Столь резкая смена темы застает меня врасплох.
– Наверное, это как выбор между тем, чтобы сгореть заживо или утонуть, – через пару мгновений говорю я.
– Порой люди испытывают это чувство, понимая, что хорошего выбора просто нет, – замечает Коделл.
Я молча киваю. Она смотрит на меня, словно взвешивая за и против, и продолжает:
– Однако в итоге вы выбрали жизнь. Позвонили в скорую, вызвали у себя рвоту. Я не нахожу в этих записях одной детали: что заставило вас передумать?
Я делаю глубокий вдох и некоторое время собираюсь с мыслями. Этот вопрос, в той или иной форме, мне уже задавали, и всякий раз я уходил от ответа.
– Телефонный звонок. Это была теща. Она единственная, кто… звонит, чтобы поговорить о Джулии. Я вдруг подумал, что бросаю Лоррейн одну. А если она решит, что ее звонок послужил последней каплей? Станет себя винить. Я не мог так с ней обойтись.
– Скажите, пожалуйста, а почему этого нет в записях доктора Данн? И почему ваша мама ей тоже ничего не рассказала?
– Я никому не говорил.
– Почему?
– Чтобы им казалось, будто я поступил так по собственному желанию. Передумал, и все.
– А на самом деле?
– Лоррейн позвонила через полчаса после того, как я принял таблетки, – признаюсь я, и мне отчего-то становится стыдно. – Но до ее звонка… Вы, наверное, думаете, что такие моменты уж точно запоминаются, но… Не знаю, пошел бы я на попятную по своей воле или нет.

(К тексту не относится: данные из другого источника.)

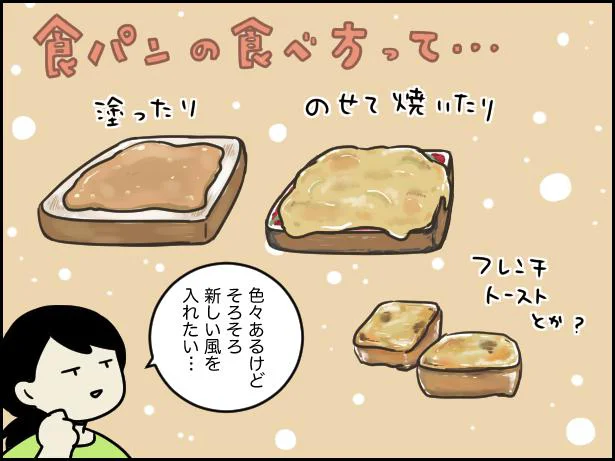 あの手この手で食パンを調理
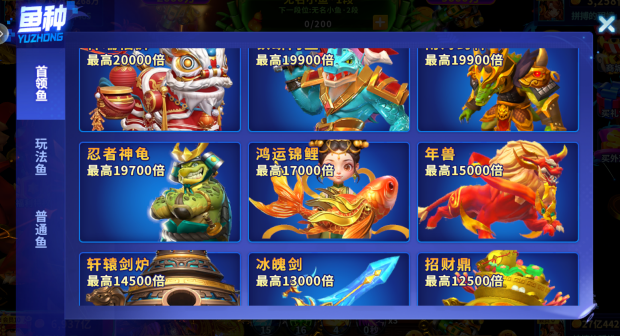 乐乐捕鱼官方正式版下载 乐乐捕鱼官方正式版下载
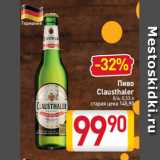 Магазин:Билла,Скидка:Пиво
Clausthaler
б/а, 0,33 л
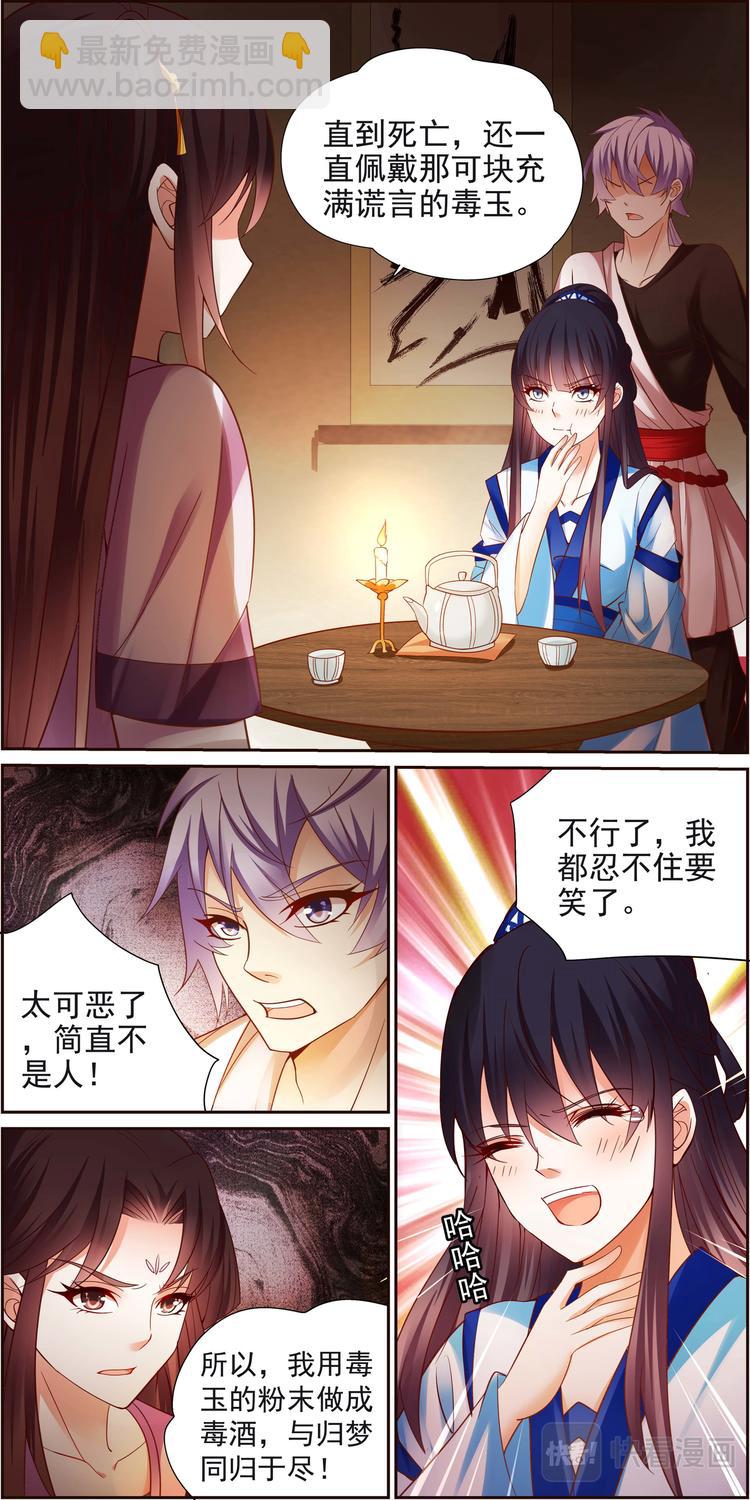 第14话 毒玉殉情篇 058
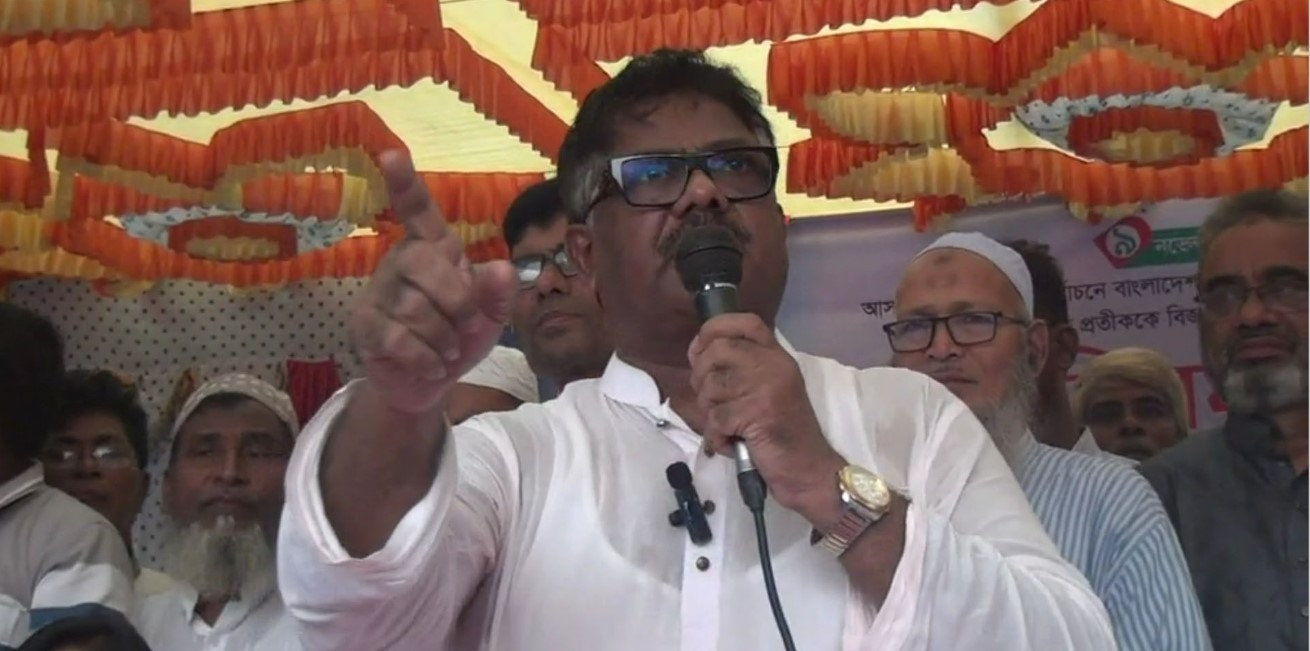 নির্বাচন নিয়ে কোন ষড়যন্ত্র বিএনপিসহ দেশের মানুষ মেনে নেবে না-নাটোরে দুলু#সংবাদ শৈলী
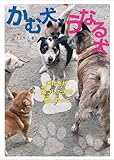 かむ犬、うなる犬: 犬たちが傷ついた犬を癒していく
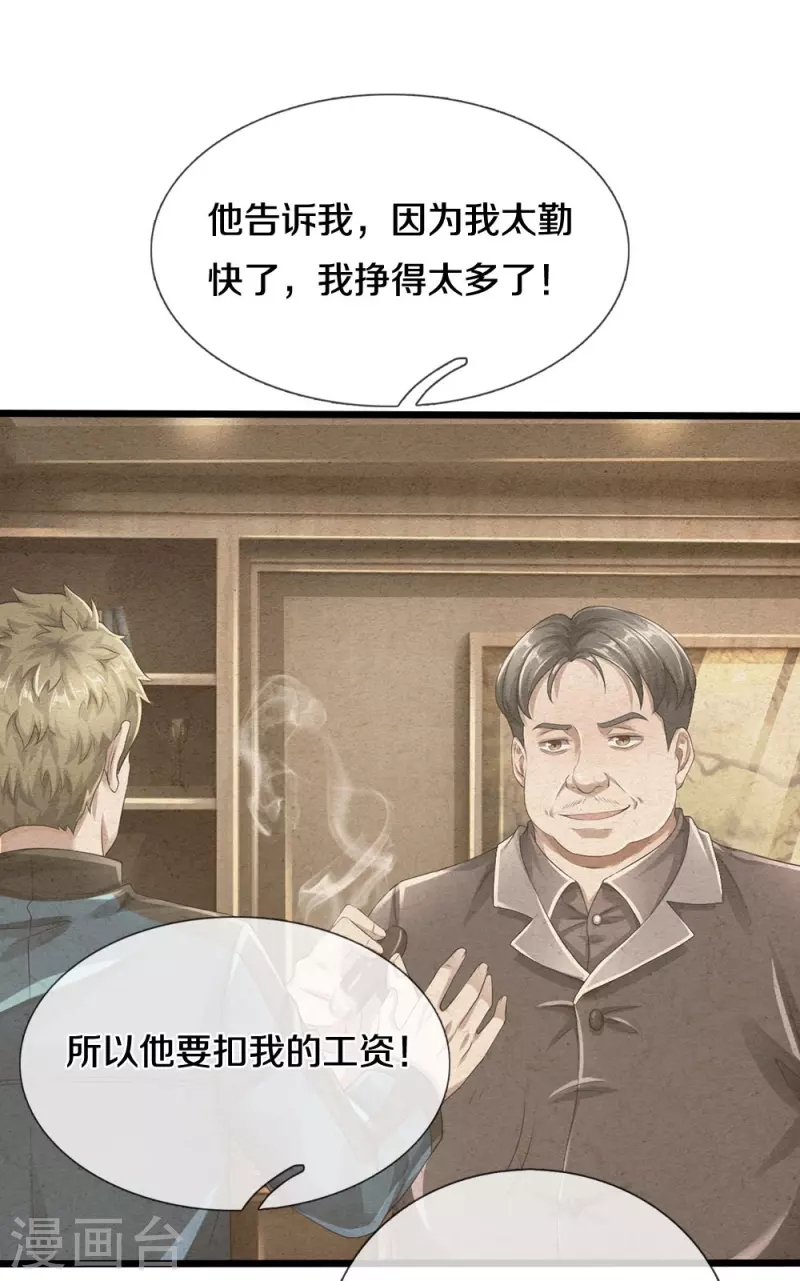 第40话 你不该来-第41话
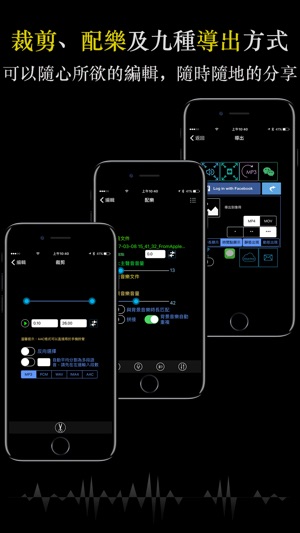 錄音專家簡版(圖4)-速報App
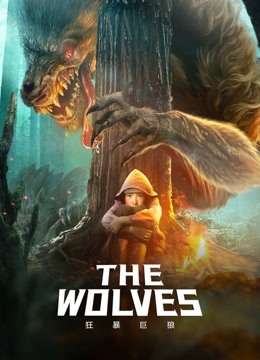 افلام The wolves 2022 مترجم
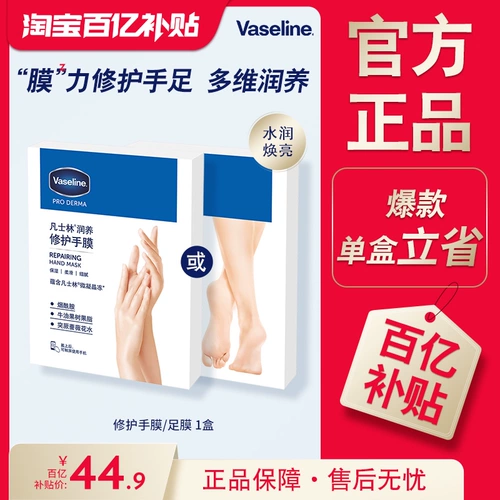 Вазелин, увлажняющее масло для ног содержит никотиновую кислоту, лечебное отшелушивающее смягчающее средство для рук, напяточники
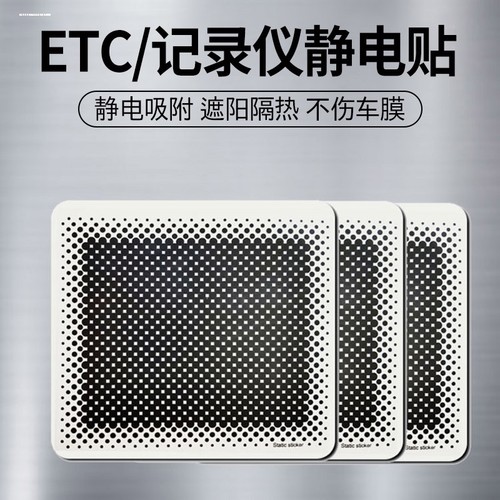 车载行车记录仪专用静电贴高粘度粘胶套汽车高速etc卡耐热遮光贴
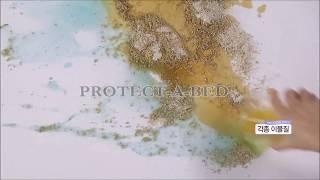 프로텍트어베드 매트리스 방수커버 시연-각종이물질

Глаза жжет от подступивших слез, и вскоре теплые струйки текут по щекам.
– Вы правильно сделали, приехав сюда, Артур. Когда вы отправитесь на «
Я сквозь слезы гляжу на Коделл, и в глубине души загорается крохотный огонек надежды. Место, конечно, странное, но даже те, кому пришлось тяжелее, чем мне, нашли здесь спасение под чутким присмотром доктора Элизабет Коделл.